Thursday, August 27, 2009

At the camp

First day in Lebanon we got a tour of downtown Beirut. So many ruins all around from the war in the eighties. Bullet holes still in the structures although some have been resurfaced or restored where necessary. Homes still in ruins on the hill sides. The history here is both amazing and intriguing. If you are interested, check out the war details at

So after an amazing speedy drive through traffic with no lights, no lane markings, with a million vehicles scampering two ways, sometimes four, we made it to the crest of the Lebanon Mountains where we could see the Bekaa Valley spread out for miles running north and south in front of us. Syria to the east, Israel to the south. Matthieu explains to us along the way all of the internal and external strife that still exists and lays percolating just below the surface.

As we get down into the valley we get to the town of Saadnayel and having passed through it we came to a little community on the outskirts, a Bedouin tribe.
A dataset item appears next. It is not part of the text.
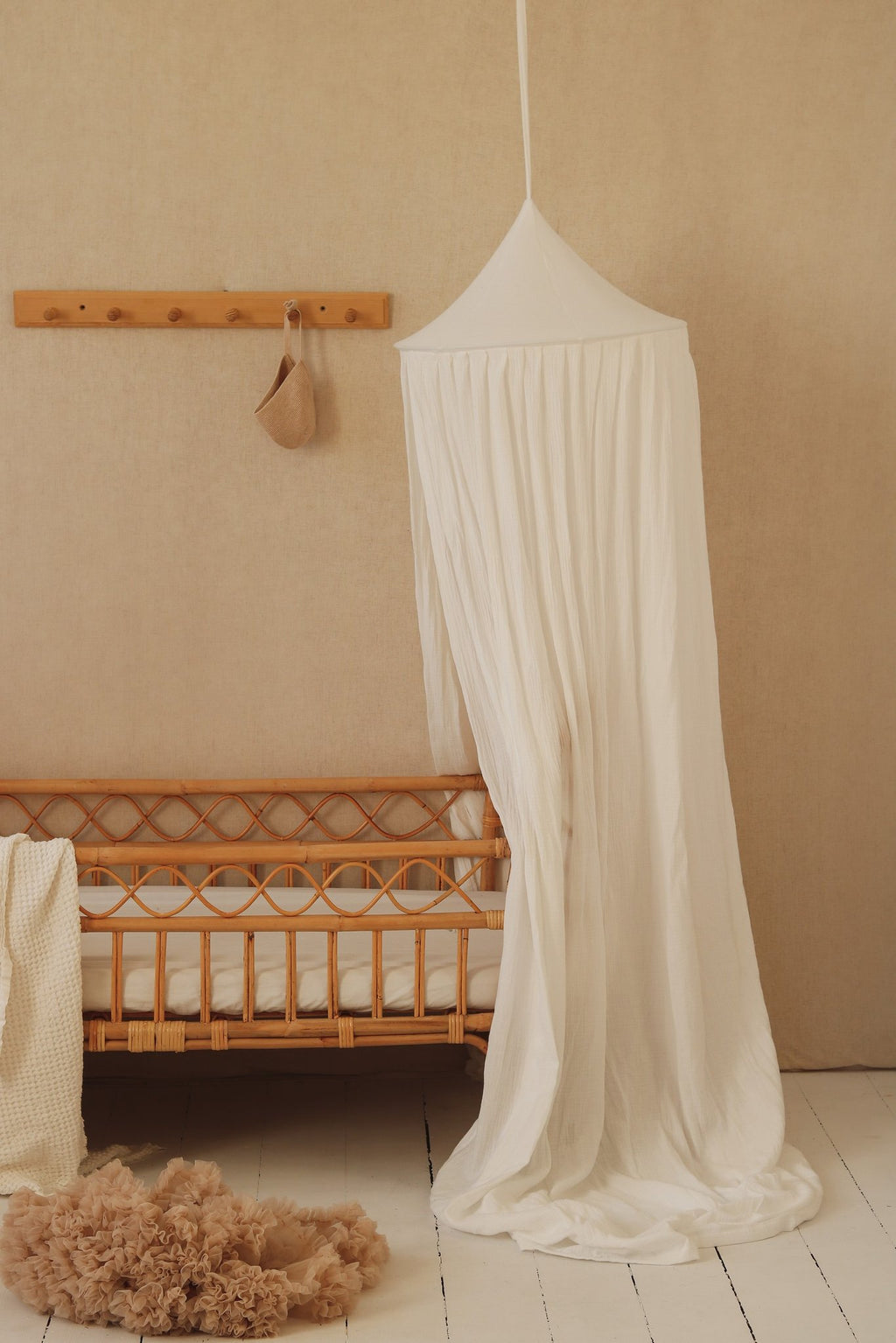 1. Cream cotton canopy over a crib in a nursery with a soft rug and wall decor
As we drive down the road toward the camp we see a few kids, maybe 6, playing in the ditch alongside the road. The ditch has a little water and then some garbage floating on the top. They all stand up and with curious smiling faced they check us out as we pass by.

We pass more kids, they seem happy and content with their lot.
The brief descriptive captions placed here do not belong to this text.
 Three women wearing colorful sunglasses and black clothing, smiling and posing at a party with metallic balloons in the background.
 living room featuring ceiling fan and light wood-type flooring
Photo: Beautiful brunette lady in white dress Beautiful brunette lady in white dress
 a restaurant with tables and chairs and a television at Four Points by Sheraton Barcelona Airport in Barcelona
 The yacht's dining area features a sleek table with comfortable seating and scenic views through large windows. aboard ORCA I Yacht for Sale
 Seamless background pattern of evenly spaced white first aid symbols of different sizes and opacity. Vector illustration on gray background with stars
Once inside the compound we are greeted by the chief, and given the royal tour of his compound which includes a community centre ( a room where chapel can be head), washrooms that needed some TLC, okay, a LOT of TLC, and 5 school rooms for the children, whose school year begins near the end of September. We receive some tea that is loaded with sugar, and then a second course of very strong coffee. A coffee that tasted something like I’ve had before in Jamaica. (I’ve had a few cups now and I think it’s growing on me!)

Then to the roof. From there you can see the camp and the many types of housing structures that are used. Some are tin shelters, and then a few sheds that are covered with large canvases or tin, anything to stop the rain during the winter season. A few goats and cows spot the camp and then of course is the widespread impact of sewage running freely throughout the camp. A trough was built some time ago, but it overflows into the land where the kids play and the homes are erected. Remember the picture of the kids playing in the ditch with a little water and garbage? Well, the water is not all water. We see the farmers, (not the Bedouins) watering the crops at the outskirts of the camp and we are thinking that we could just drill some wells for water. But we were informed that the tests showed that even out that far the water is contaminated and no good for consumption. Many of the men have a job working for minimal wages to bring home to the family. From what I can tell, work is very important to them. The majority of the camp is Muslim with a few believers mixed into the group. We serve them all when we will begin working on the classrooms and bathrooms.

These people are lovely and gracious. I am fighting to remember their names correctly, but will keep trying. My mind is on major intake right now as I consider all that is happing here in the camp and with my friend Matthieu. I trust that as I learn about life and God’s heart within this environment, God will use me in some small way.